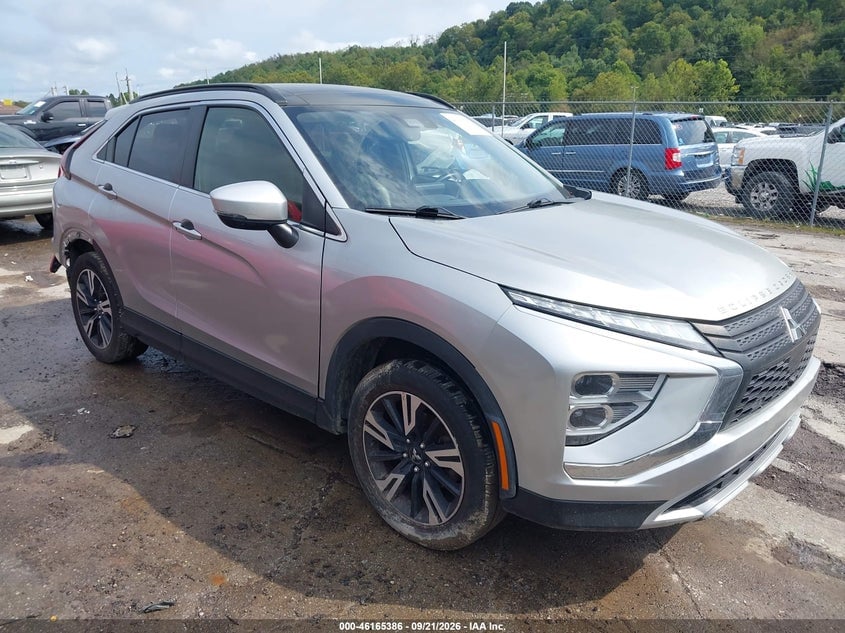 2023 MITSUBISHI ECLIPSE CROS SE S-AWC/SEL S-AWC | JA4ATWAA4PZ034304 | UPCARS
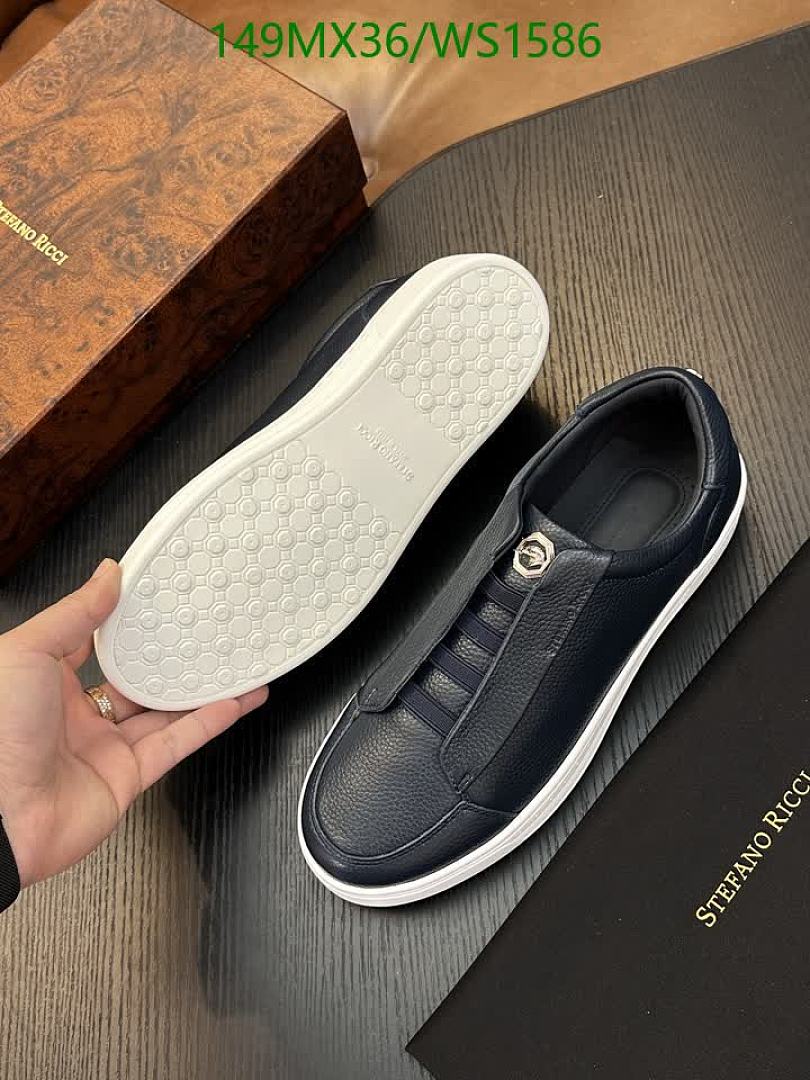 Stefano Ricci-Men shoes Code: WS1586 $: 149USD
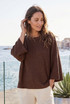 Crepe Textured Top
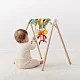 Игрушка-спираль развивающая Happy Baby green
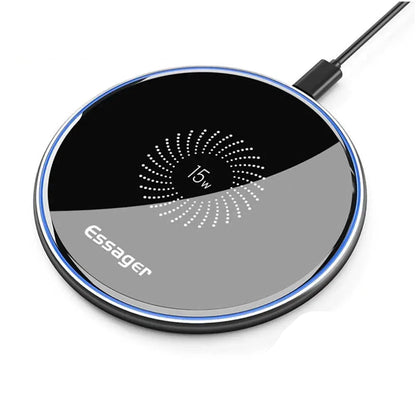15W Fast Wireless Charger For iPhone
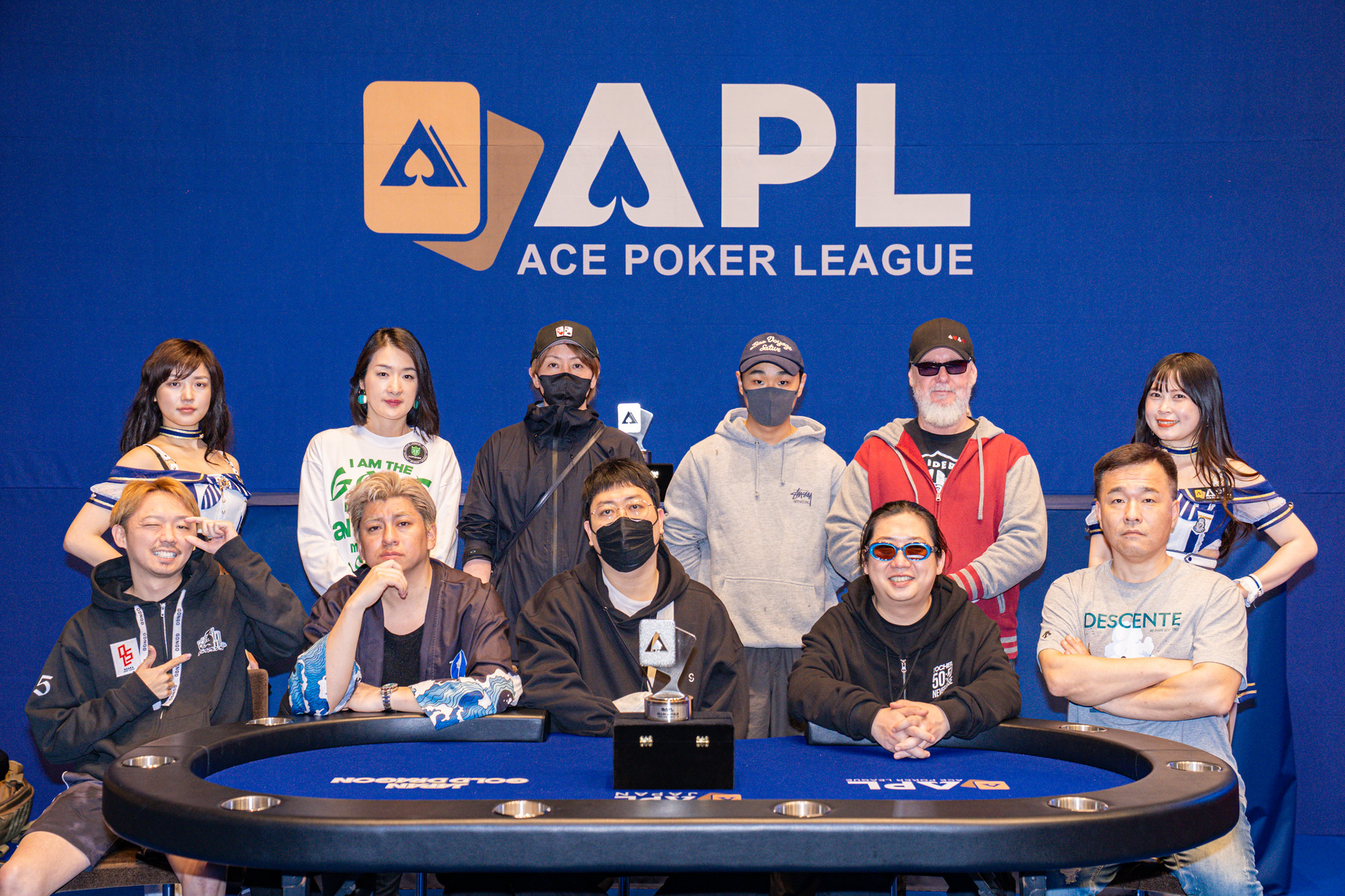 Final Table Photo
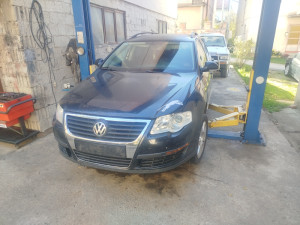 Passat 6 branici  farovi hauba stopovi prednji kraj Passat 6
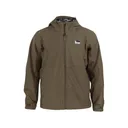 Banded Men's Featherlite Rain Jacket Marsh Brown 2XL - Banded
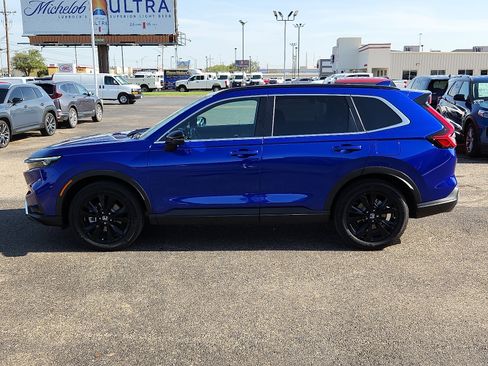 Used 2025 Honda CR-V Sport Touring image 2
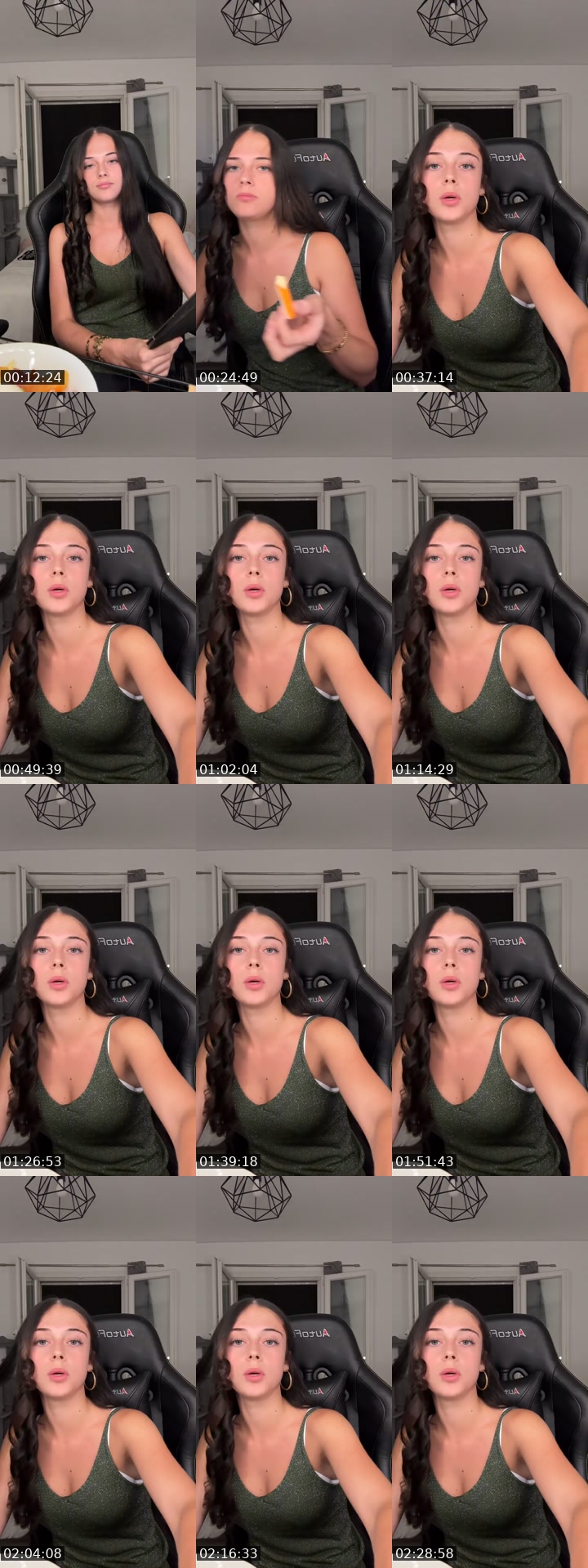 @ambrejrmlastarlette TikTok live from 2026-07-26
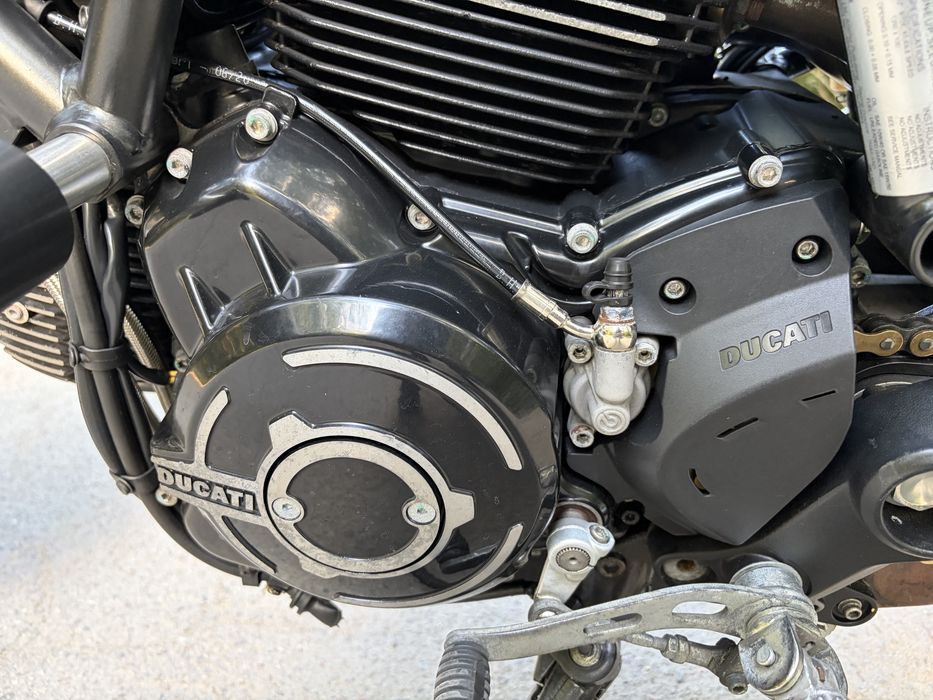 Ducati Scrambler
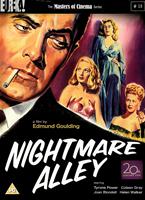 Nightmare Alley Online DVD Rental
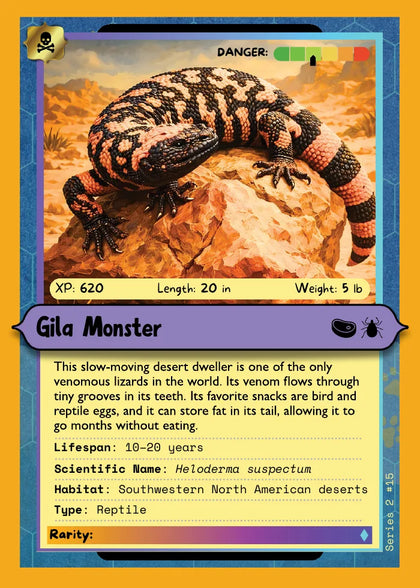 Gila Monster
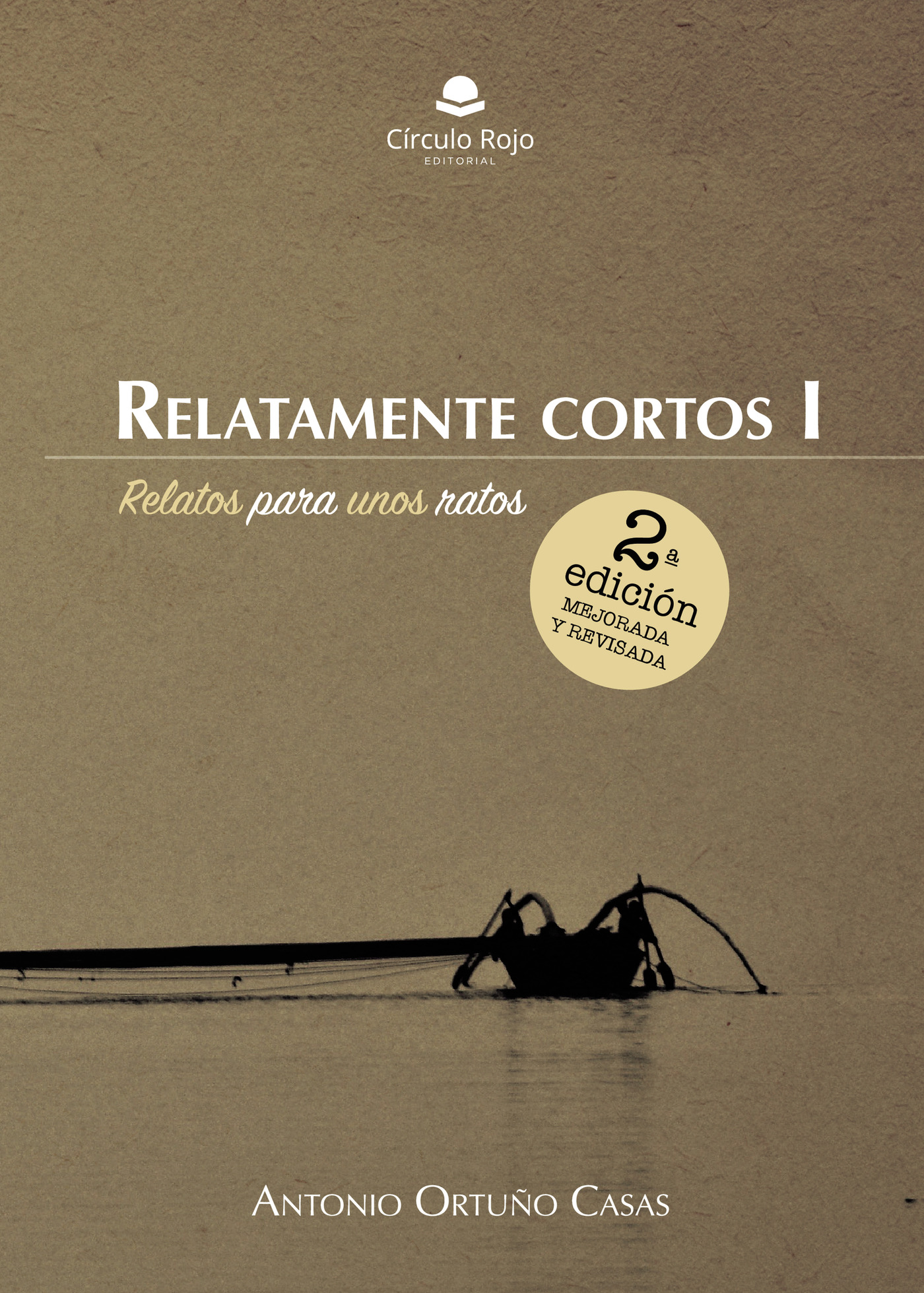 Portada de Relatamente cortos I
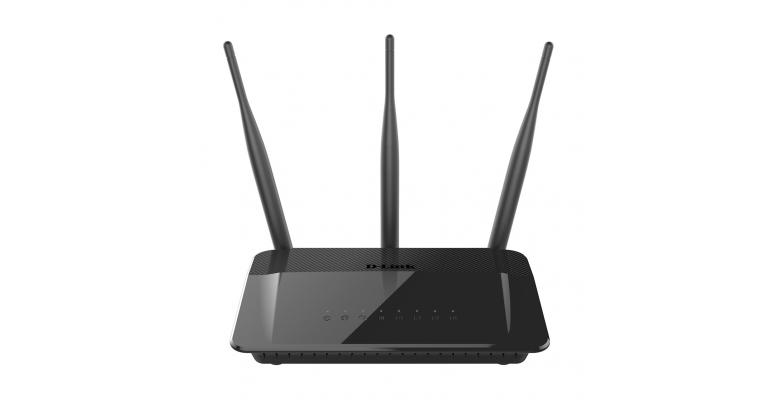 D-Link DIR-809 wireless router Fast Ethernet Dual-band (2.4 GHz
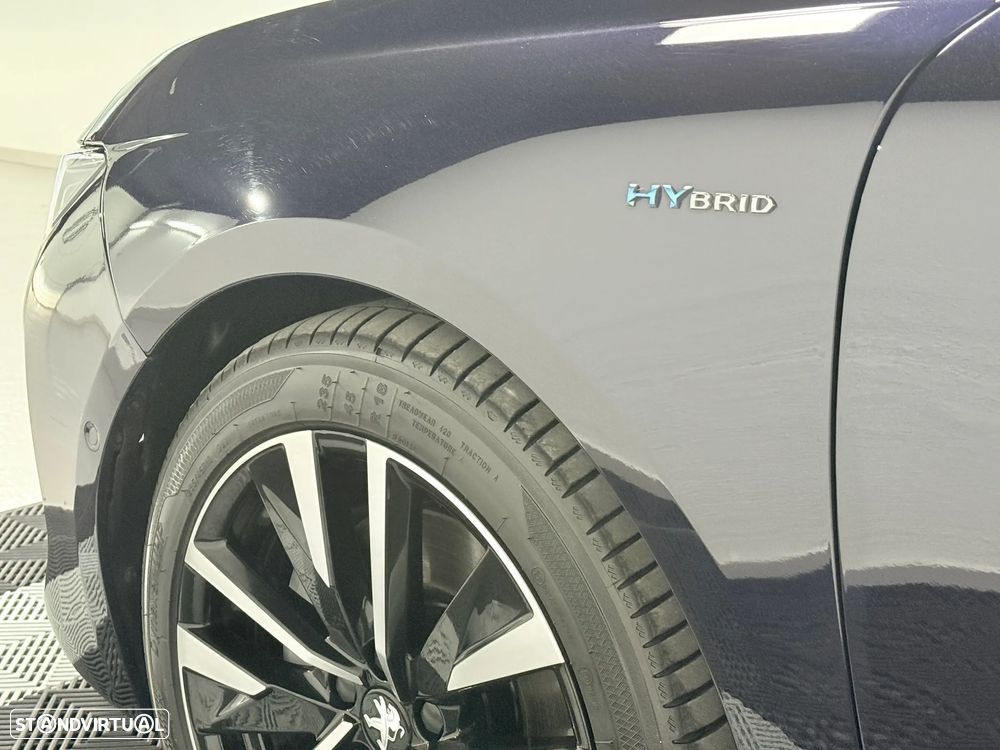 Peugeot 508 SW 225 e-EAT8 GT - 21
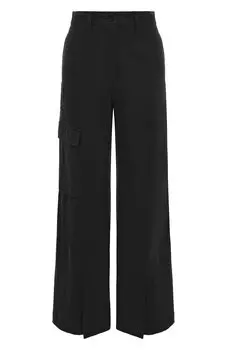 Хлопковые брюки GOEN.J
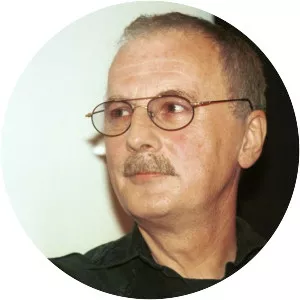 Jiří Datel Novotný - Czech actor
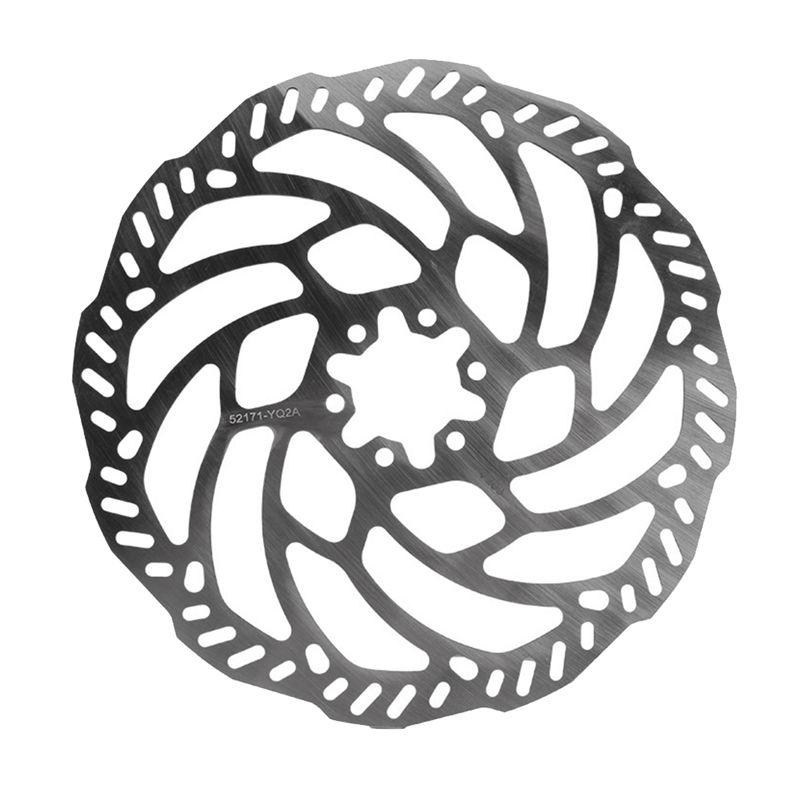 

A21E-For Surron Sur-Ron Motorcycle Aluminum Rear Brake Disc Rotors About Light Bee X 2.1Mm Dirt Bike Electric Motorcycles Parts срібний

• [What to work on]:
The task calls for every record to be transcribed exactly, with no images included.

• [Answer section]:
 2023 MITSUBISHI ECLIPSE CROS SE S-AWC/SEL S-AWC | JA4ATWAA4PZ034304 | UPCARS
 Stefano Ricci-Men shoes Code: WS1586 $: 149USD
 Crepe Textured Top
 Игрушка-спираль развивающая Happy Baby green
15W Fast Wireless Charger For iPhone
 Final Table Photo
 Passat 6 branici  farovi hauba stopovi prednji kraj Passat 6
 Banded Men's Featherlite Rain Jacket Marsh Brown 2XL - Banded
 Used 2025 Honda CR-V Sport Touring image 2
 @ambrejrmlastarlette TikTok live from 2026-07-26
 Ducati Scrambler
 Nightmare Alley Online DVD Rental
 Gila Monster
 Portada de Relatamente cortos I
 D-Link DIR-809 wireless router Fast Ethernet Dual-band (2.4 GHz
 Peugeot 508 SW 225 e-EAT8 GT - 21
 Хлопковые брюки GOEN.J
 Jiří Datel Novotný - Czech actor

A21E-For Surron Sur-Ron Motorcycle Aluminum Rear Brake Disc Rotors About Light Bee X 2.1Mm Dirt Bike Electric Motorcycles Parts срібний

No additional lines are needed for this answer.